After examining hundreds of combat support and reconstruction contracts in Afghanistan, the US military estimates US$360 million has ended up in the hands of people the US-led coalition has spent nearly a decade battling: the Taliban, criminals and power brokers with ties to both.
The losses underscore the challenges the US and its international partners face in overcoming corruption in Afghanistan. A central part of US President Barack Obama’s strategy has been to award US-financed contracts to Afghan businesses to help improve quality of life and stoke the country’s economy.
However, a special task force assembled by General David Petraeus that began its investigation last year, revealed that the coalition had little insight into the connections many Afghan companies and their vast network of subcontractors had with insurgents and criminals — groups military officials call “malign actors.”
In a murky process known as “reverse money laundering,” payments from the US pass through companies hired by the military for transportation, construction, power projects, fuel and other services to businesses and individuals with ties to the insurgency or criminal networks, according to -interviews and task force documents.
“Funds begin as clean monies,” according to one document, then “either through direct payments or through the flow of funds in the subcontractor network, the monies become tainted.”
The conclusions reached by Task Force 2010 represent the most definitive assessment of how US military spending and aid to Afghanistan has been diverted to the enemy or stolen. Only a small percentage of the US$360 million has been garnered by the Taliban and insurgent groups, a senior US military official in Kabul said. The bulk of the money was lost to profiteering, bribery and extortion by criminals and power brokers, said the official, who declined to provide a specific breakdown.
Overall, US$360 million represents a fraction of the US$31 billion in active US contracts that the task force reviewed, but insurgents rely on crude weaponry and requires little money to operate. Moreover, the illicit gains buttress what the International Crisis Group, a Brussels-based think tank, referred to in a June report as a “nexus between criminal enterprises, insurgent networks and corrupt political elites” in Afghanistan.
More than half the losses flowed through a large transportation contract called Host Nation Trucking, the official said. Eight companies served as prime contractors and hired a web of nearly three dozen subcontractors for vehicles and convoy security to ship huge amounts of food, water, fuel and ammunition to UStroops stationed at bases across Afghanistan.
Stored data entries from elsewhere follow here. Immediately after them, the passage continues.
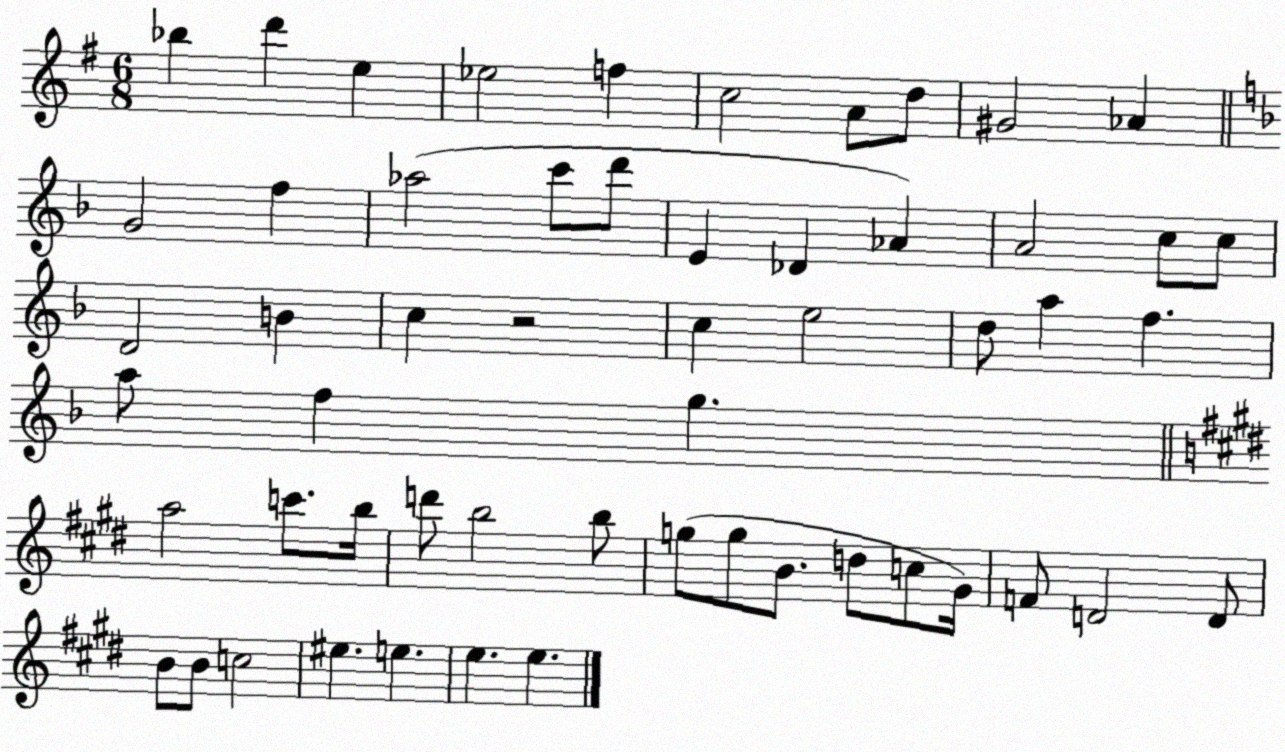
X:1
T:Untitled
M:6/8
L:1/4
K:G
_b d' e _e2 f c2 A/2 d/2 ^G2 _A G2 f _a2 c'/2 d'/2 E _D _A A2 c/2 c/2 D2 B c z2 c e2 d/2 a f a/2 f g a2 c'/2 b/4 d'/2 b2 b/2 g/2 g/2 B/2 d/2 c/2 ^G/4 F/2 D2 D/2 B/2 B/2 c2 ^e e e e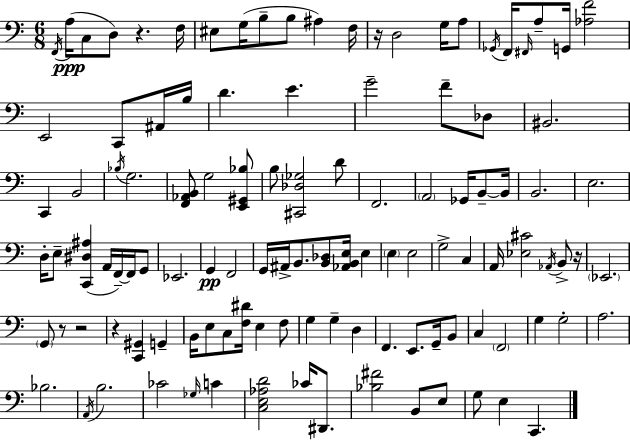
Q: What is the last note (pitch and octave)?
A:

The US Department of Defense announced on Monday that it had selected 20 separate contractors for a new transportation contract potentially worth US$983.5 million to replace Host Nation Trucking. Officials said the new arrangement would reduce the reliance on subcontractors and diminish the risk of money being lost.
The Pentagon did not provide the names of the 20 companies picked due to worries that larger contractors who weren’t selected could try to coerce them into a takeover, the senior defense official said. None of the eight prime contractors affiliated with the Host Nation Trucking contract are part of the new arrangement, the official added.